You might be tempted to peg Simon Sullivan, a Canadian singer-songwriter and harp player, as a bluesman. And there’s plenty of that to be found here. In the end, though, that would be selling the genre-busting Groovin’ short. Across 10 tracks, six of them originals, Sullivan and his crack band of musical confederates move across a dizzying landscape of sound – from rockabilly, to jump blues, to funk.
He begins with the appropriately titled “Good Morning, Blues,” a groove-focused original with a scorching turn on the harmonica. A winking cover of Willie Dixon’s “Built for Comfort” then reanimates all of the bawdy humor of the original, with happy-go-lucky harp solo to match. The original “Swing and Sway,” however, is the first hint that something more is amiss here, with a feel that’s something like the Kansas City cats of the pre-bop era. As Sullivan settles into a confidential, late-night whisper, pianist Lee Batchelor, bassist Andrew Affleck and drummer John Crown show themselves to be particularly effective — playing with a delicately executed sense of timing. Batchelor’s solo moves effortlessly across a stunningly broad palette, going from the expected rolling 88s to an angular improvisation that’s completely outside the blues idiom.
“Flat Foot Sam,” the old Oscar Wills cut, has a similar sense of jump-blues propulsion, with a performance of the half-spoken lyric about an unlucky sad sack that would have brought a smile to Louis Jordan’s face. Sullivan’s turn on the harp, chuckling and cackling, is perfectly constructed. Later, his own “Pitch a Boogie” reanimates the same era, though this time Sullivan adds a rockabilly tinge and a locomotive harmonica aside. When he invites all of the neighbors in for his house party – mindful, of course, that they must have some gin – it’s hard not to recall the joys of Jordan’s “Ain’t Nobody Here But Us Chickens.” “I Am Groovin,’” the second of two originals Sullivan co-wrote with David Cyrenne, is an update of the classic blues car song — lovingly recalling, to the finest detail, everything that makes one of those old Detroit models so special. Longman’s solo plucks and soars, very much in the tradition of B.B. King. “Take Your Hand Off My Soul” downshifts into a more contemplative vibe, with Longman offering a reverie-filled riff. Sullivan rises to the occasion, growling and snapping like Bobby “Blue” Bland in a quieter song structure that inevitably becomes a feature for the vocalist.
Perhaps best of all is Sullivan’s take on the Hank Thompson classic “He’s Got a Way with Women.” Singing with a sad majesty, Sullivan makes the most of the song’s smart turn of phrase — “and he just got away with mine” — even as Batchelor offers a churchy, just-right solo at the piano.

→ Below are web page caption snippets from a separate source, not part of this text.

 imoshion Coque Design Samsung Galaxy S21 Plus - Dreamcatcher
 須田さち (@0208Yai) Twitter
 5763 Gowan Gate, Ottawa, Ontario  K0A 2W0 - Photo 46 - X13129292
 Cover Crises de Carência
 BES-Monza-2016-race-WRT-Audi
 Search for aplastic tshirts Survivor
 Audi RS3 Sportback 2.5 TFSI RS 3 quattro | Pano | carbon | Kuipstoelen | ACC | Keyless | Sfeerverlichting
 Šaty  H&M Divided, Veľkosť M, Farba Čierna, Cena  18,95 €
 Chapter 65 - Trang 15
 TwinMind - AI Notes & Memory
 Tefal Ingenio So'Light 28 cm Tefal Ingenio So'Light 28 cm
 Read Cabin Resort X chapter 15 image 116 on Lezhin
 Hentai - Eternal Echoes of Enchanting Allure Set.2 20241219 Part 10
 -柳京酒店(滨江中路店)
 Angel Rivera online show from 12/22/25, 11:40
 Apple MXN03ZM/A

Then there’s “Funky Monkey No. 1,” which finds Sullivan adding a harder edge to the album’s established groove, more in keeping with the 1970s funk of James Brown and the Commodores than with anything ever put out on Chess.

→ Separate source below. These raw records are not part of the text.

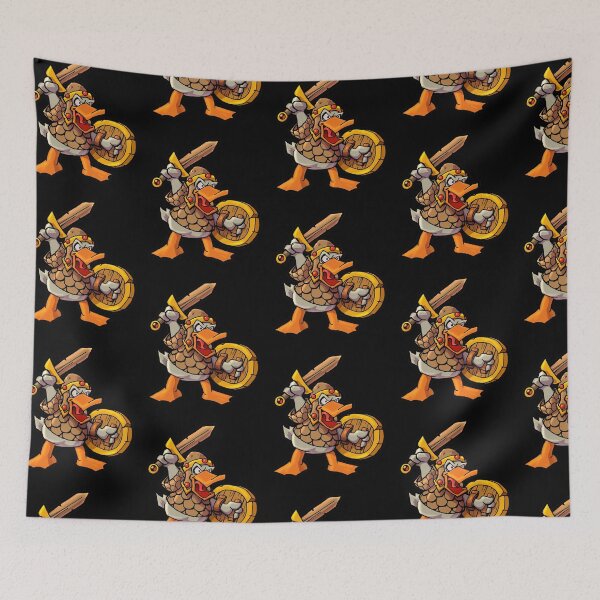 Item preview, Ermahgerd! Derks! designed and sold by okumarts.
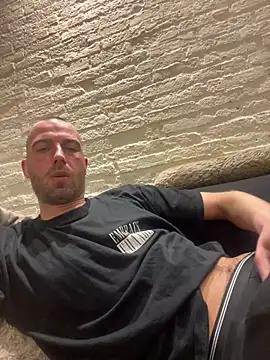 Rotteei1 online show from March 5, 7:38 am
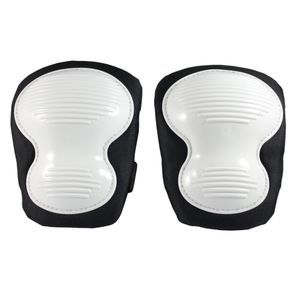 knee pad 1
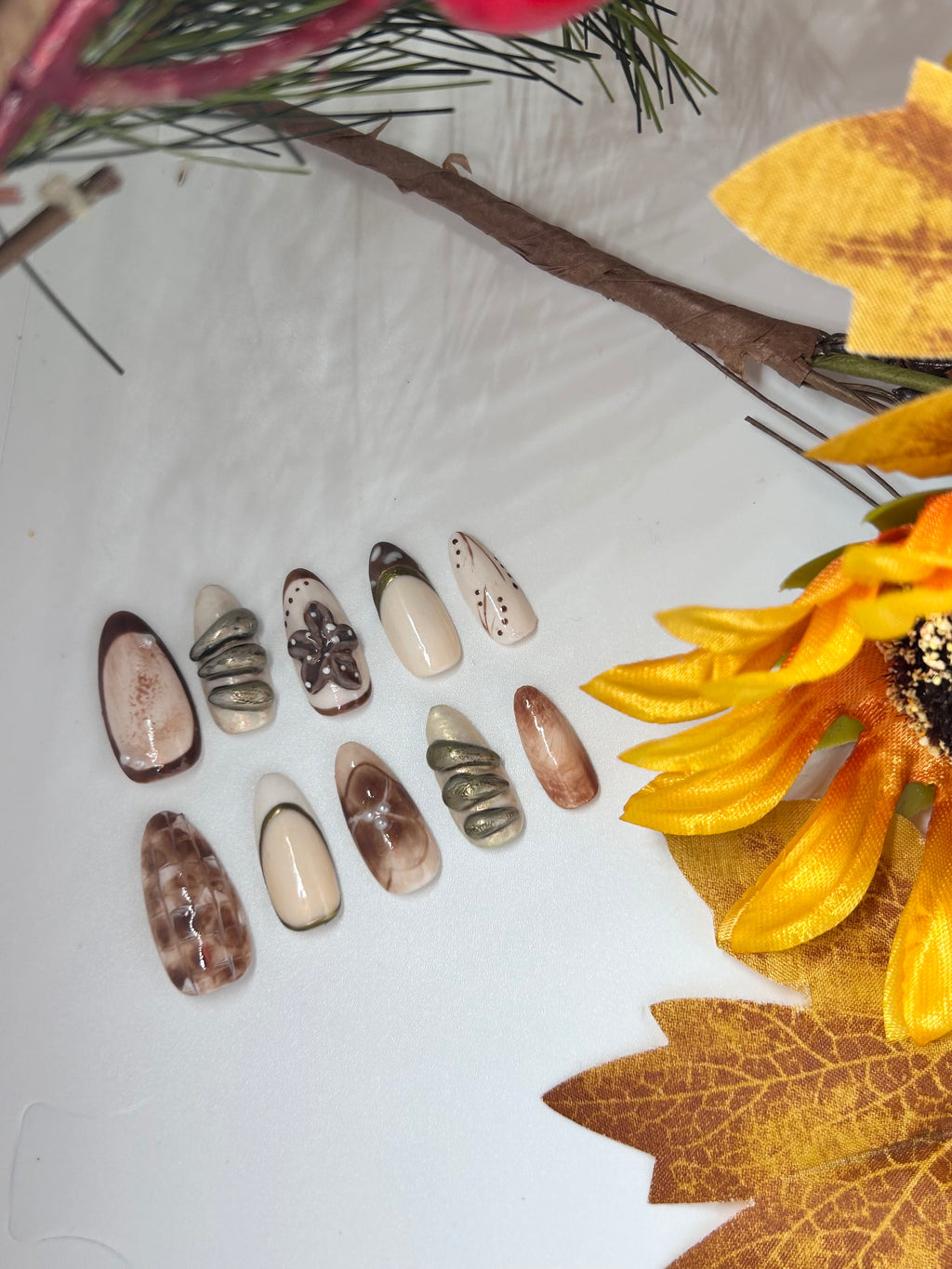 Autumn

He concludes with a new take on “Orange Blossom Special,” the late-1930s Ervin Thomas Rouse train song which had long been a fiddle feature before Johnny Cash reimagined it for the harmonica in the 1960s. Sullivan hews closer to that later interpretation, even keeping the lyrics. Barry Haggarty offers a bluegrass-infused turn on the acoustic, before Longman steps forward with a searching solo. All the while, Sullivan squeals along on harp, growling and snapping through the vocal — even as the band chugs along in perfect time.
It’s another tour de force, in yet another genre setting, to complete an album that presents as blues but in the end can’t be contained by any one label.